▶ ASSIGNMENT
From the line containing "Kelsey Grammer Signed" through the last line of the records below, each line is to be repeated exactly; pictures are to be omitted.

▶ INFORMATION PROVIDED

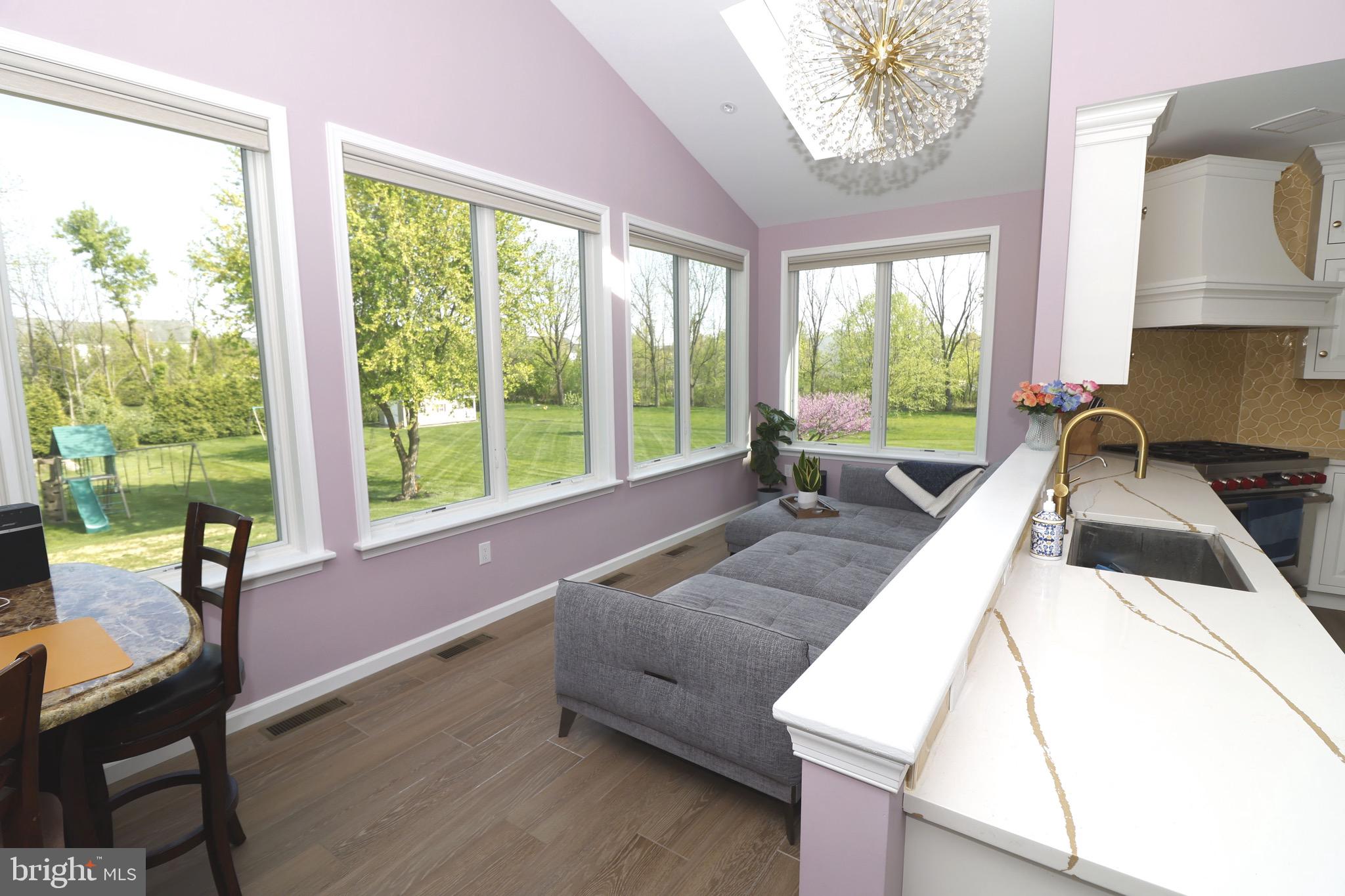 Breinigsville, Pennsylvania, 18031, United States, 4 Bedrooms Bedrooms, ,4 BathroomsBathrooms,Residential,For Sale,1827861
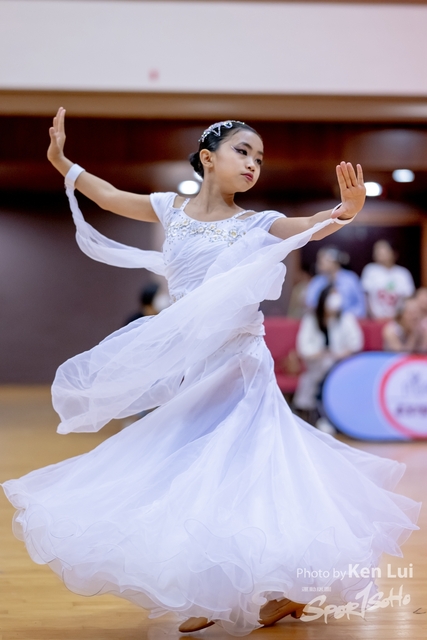 20230507 Dance-2455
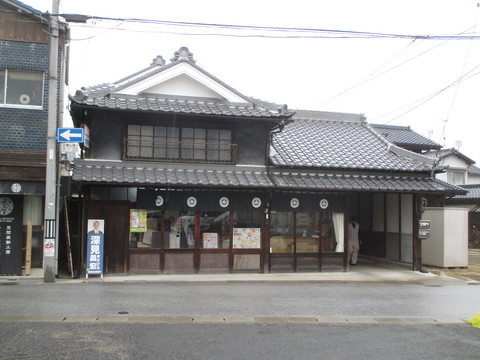 屋根リフォーム　屋根葺き替え　岡山県総社市　Ｆ様邸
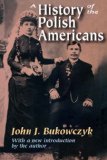 History of the Polish Americans  cover art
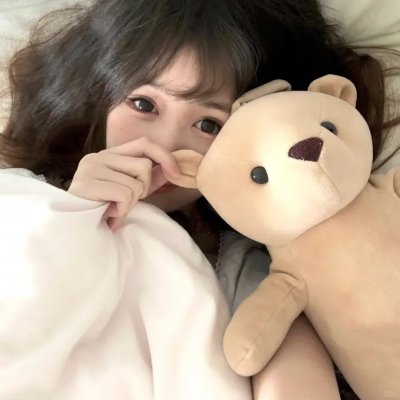 公车惊魂
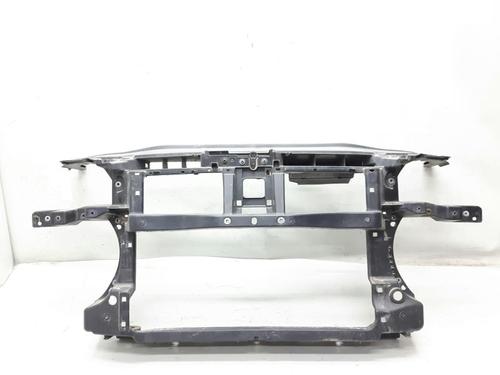 Used Front bumper reinforcement VW PASSAT B6 Variant (3C5) 2.0 TDI (140 hp) 20570336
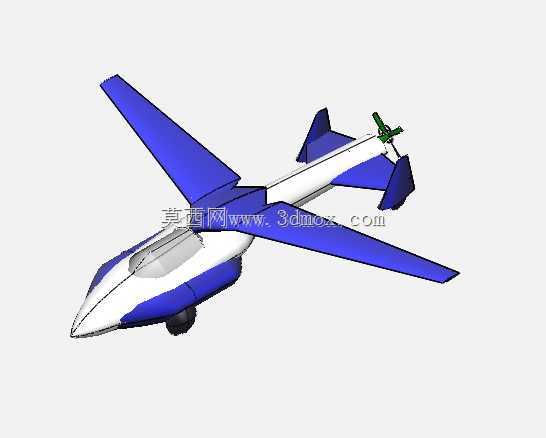 ����������Aeromobil�����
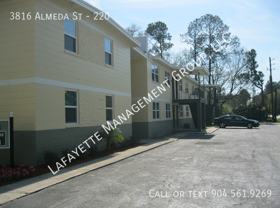 3816 Almeda St #220 - Photo 1 of 1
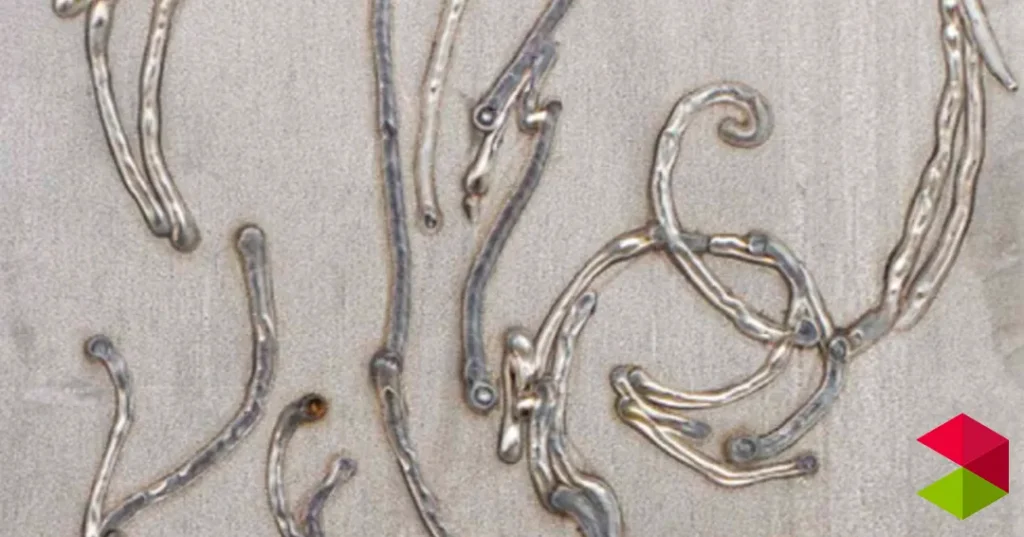 Noticias Santander El Doctor Madrazo acoge la muestra ‘De la rama una cambera’ de Blanca Tejerina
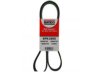 BANDO MFG.  6PK1865 Belt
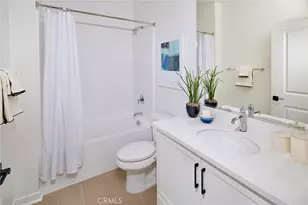 33535 Mission Trail, Lake Elsinore, CA 92530 - Photo 13
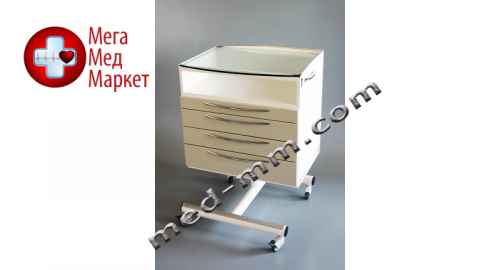 Купить ПАНОК-СОЛО 600 long с полкой цена, характеристики, отзывы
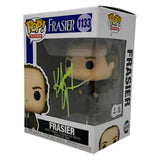 Kelsey Grammer Signed FRASIER Funko Pop #1133 Autograph Figure Beckett COA
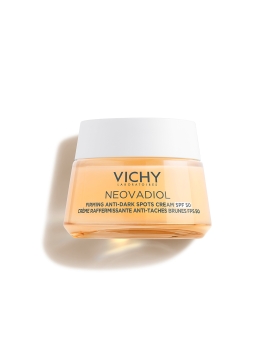 VICHY NEOVADIOL MAGISTRAL REARFIRMANTE ANTIMANCHAS 50ML SPF 50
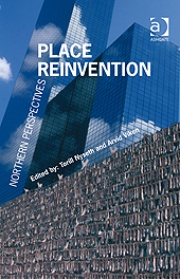 placereinvention.jpg (Bredde: 180px)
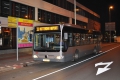 318-7 Mercedes-Citaro -a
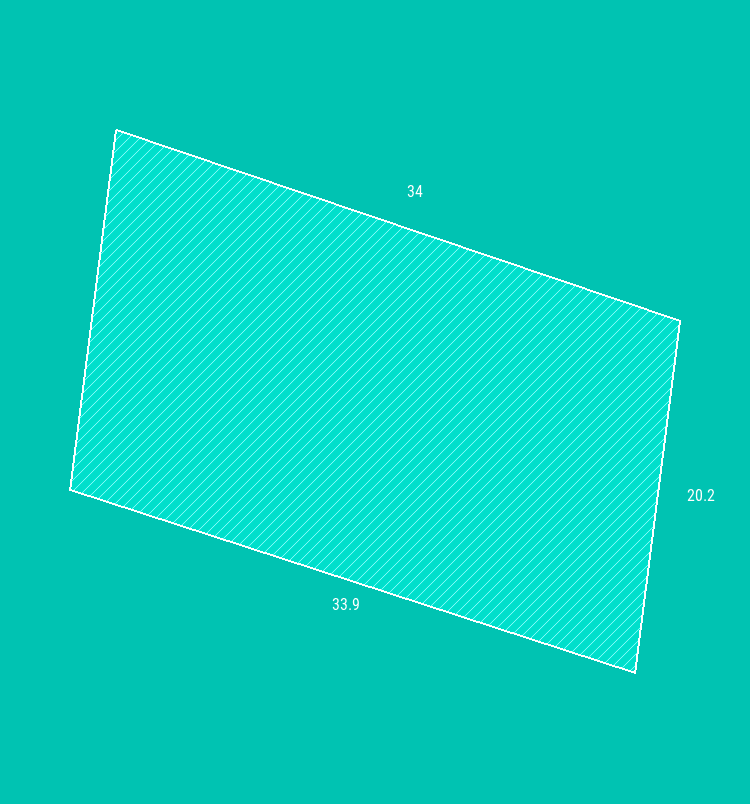 Трубицыно Лесное уч.№148 - Земельный участок кадастровый номер 50:17:0021110:451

▶ ANSWER TO THE EXERCISE
 Kelsey Grammer Signed FRASIER Funko Pop #1133 Autograph Figure Beckett COA
 VICHY NEOVADIOL MAGISTRAL REARFIRMANTE ANTIMANCHAS 50ML SPF 50
 placereinvention.jpg (Bredde: 180px)
 318-7 Mercedes-Citaro -a
 Трубицыно Лесное уч.№148 - Земельный участок кадастровый номер 50:17:0021110:451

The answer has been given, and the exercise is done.